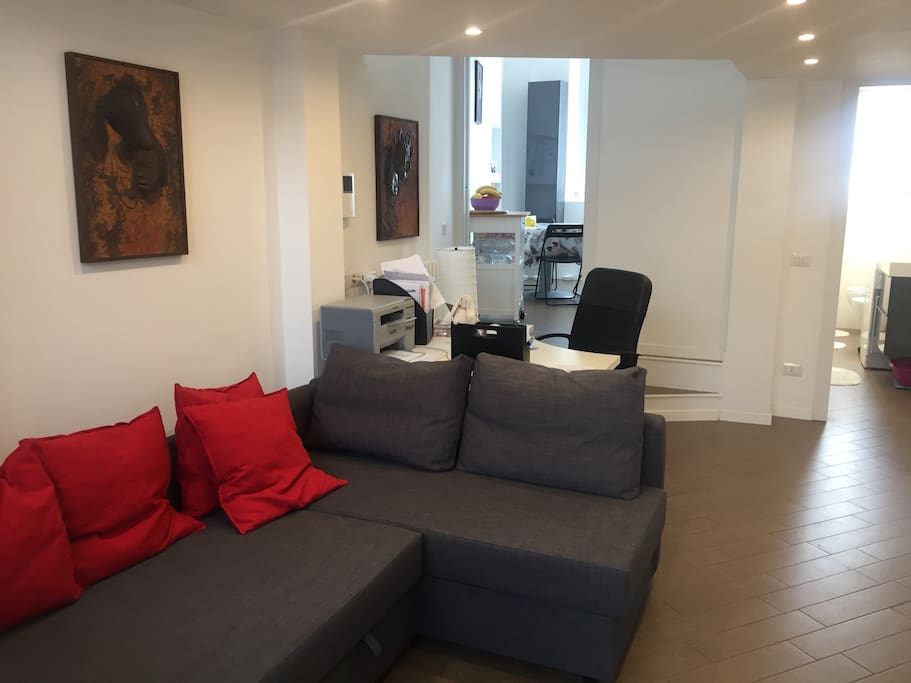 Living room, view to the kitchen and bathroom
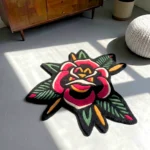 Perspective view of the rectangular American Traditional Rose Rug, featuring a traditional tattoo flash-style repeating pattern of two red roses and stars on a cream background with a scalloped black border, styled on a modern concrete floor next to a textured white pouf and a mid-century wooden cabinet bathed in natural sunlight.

--

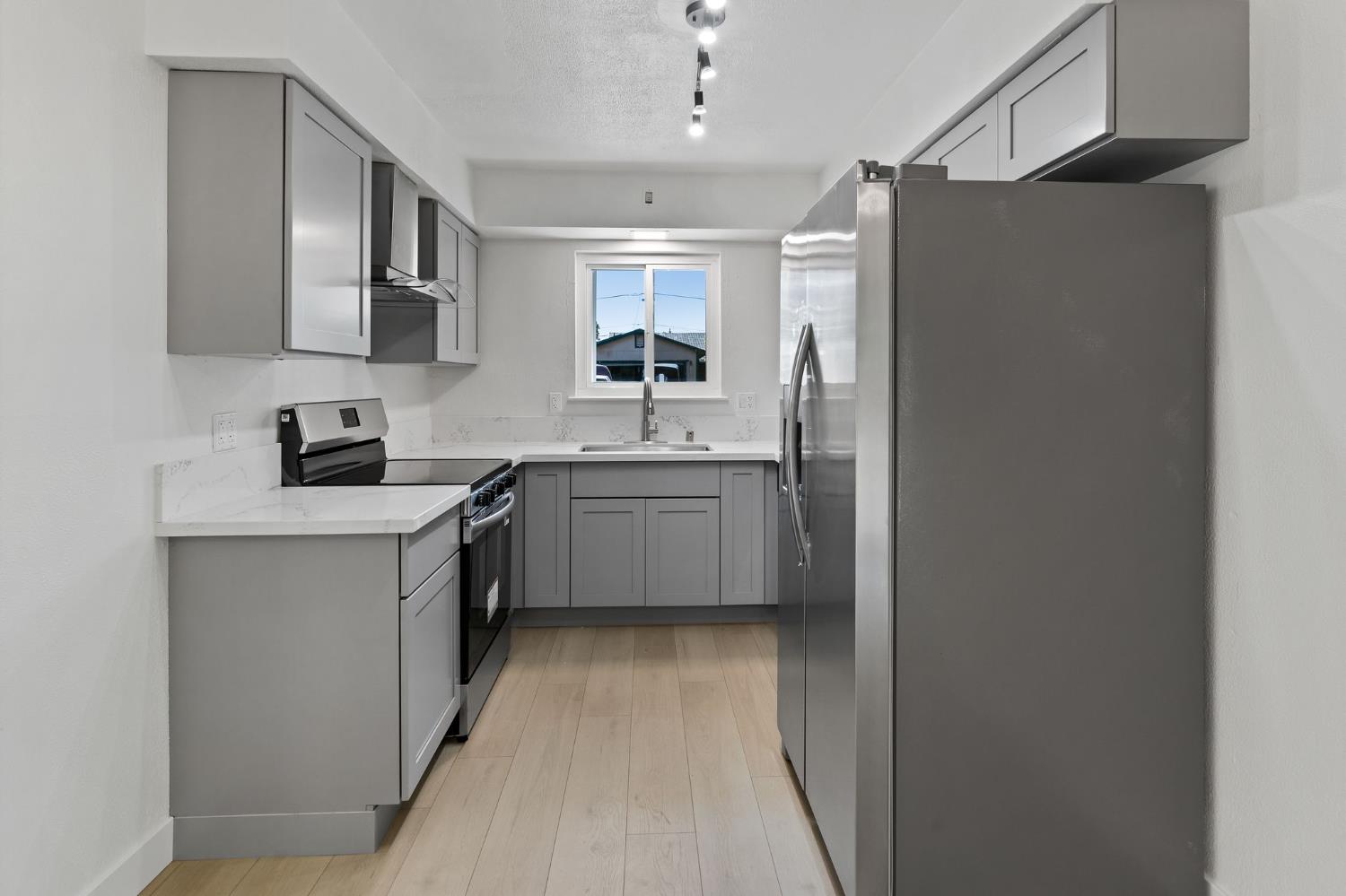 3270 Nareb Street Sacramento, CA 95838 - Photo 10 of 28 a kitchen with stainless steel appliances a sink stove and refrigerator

● Requirement
Above are records; repeat only the lines from the line with "Living room, view" through the line with "Perspective view of", and leave pictures out.

● Answer below
 Living room, view to the kitchen and bathroom
 Perspective view of the rectangular American Traditional Rose Rug, featuring a traditional tattoo flash-style repeating pattern of two red roses and stars on a cream background with a scalloped black border, styled on a modern concrete floor next to a textured white pouf and a mid-century wooden cabinet bathed in natural sunlight.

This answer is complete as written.